I'm currently sitting on my couch. Cup of tea in hand watching my little girl play independently and happily on her playmat, moving around and picking up whatever toy takes her fancy. It's moments like these that make me realise just how fast she's developing and growing and I know one day in the not so distant future she will be going to school, going out to parties and having troubles in her love life. She may one day get married and have a child of her own.

The first 6 months has flown by in a whirlwind of nappy changes, feeds and sleepless nights and I've spent many a moment like the one above contemplating the future but also her life so far. Going through my labour and birth over and over again in my head not wanting to forget a moment of it. Thinking back to those first few days of being a mum. Did I do it all right? Am I doing it all right? I always thought I'd be a natural, I love babies and have always been good with them but having your own is completely different to looking after someone else's baby. I am always second guessing my choices but I know in my heart I'm making the right ones for my child. 
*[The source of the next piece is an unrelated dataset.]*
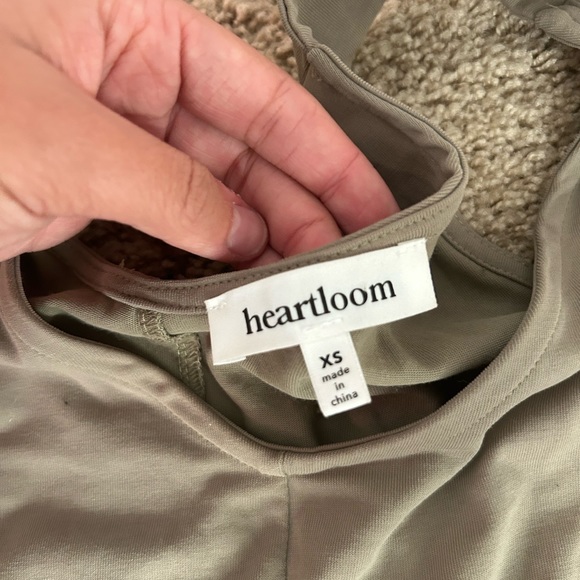 Adorable Jumpsuit with tie - Picture 4 of 4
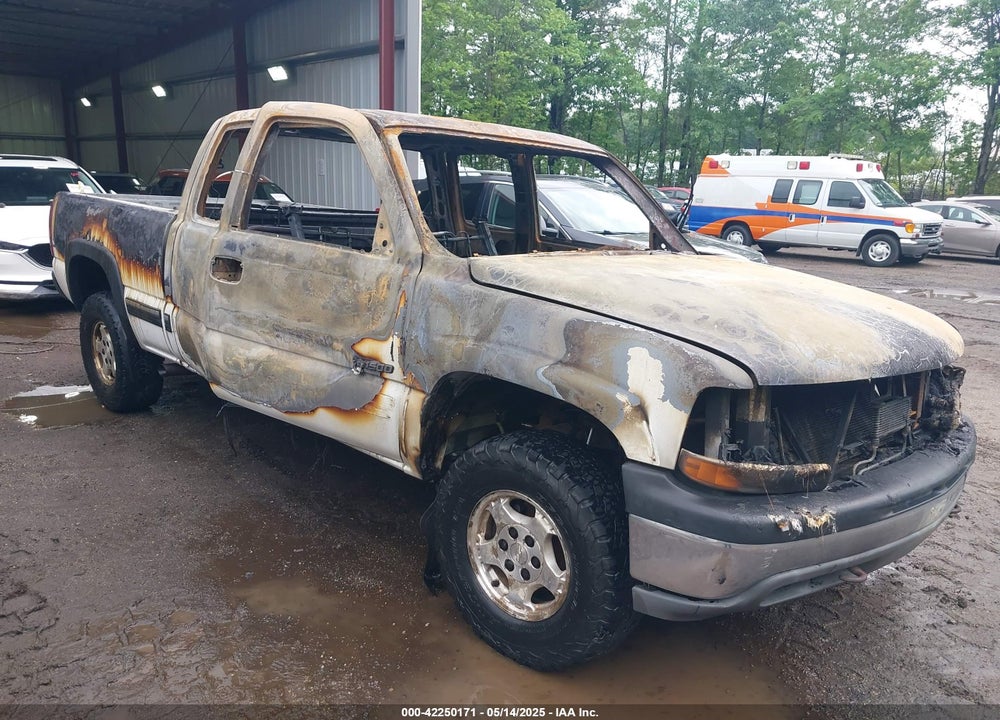 2000 CHEVROLET SILVERADO 1500 LS VIN: 1GCEK19T3YE433569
I was told by a family member back when we first visited Scotland when Ailsa was 10 weeks old that I held her too much but looking back I feel like I didn't hold her enough she's no longer that tiny tiny baby anymore and although she's still small I won't get those moments back so I won't feel guilty for holding her when I should have popped her down to sleep to put a load of washing on or make a start on dinner. I treasure those memories of cuddling her to sleep, looking at her face as she does a sleepy smile. Those are the memories that I want to take with me to the future when Ailsa no longer wants to be cuddled to sleep and no longer gives me those sleepy smiles.

It truly has been the best 6 months of my life so far and I am sure I will spend the rest of my life enjoying all those moments with my baby- even when she is no longer a baby. I may not have been the perfect mum amd I will most certainly never be, but I will be trying my best every day to keep my baby and any future babies safe, loved and cared for to the best of my ability.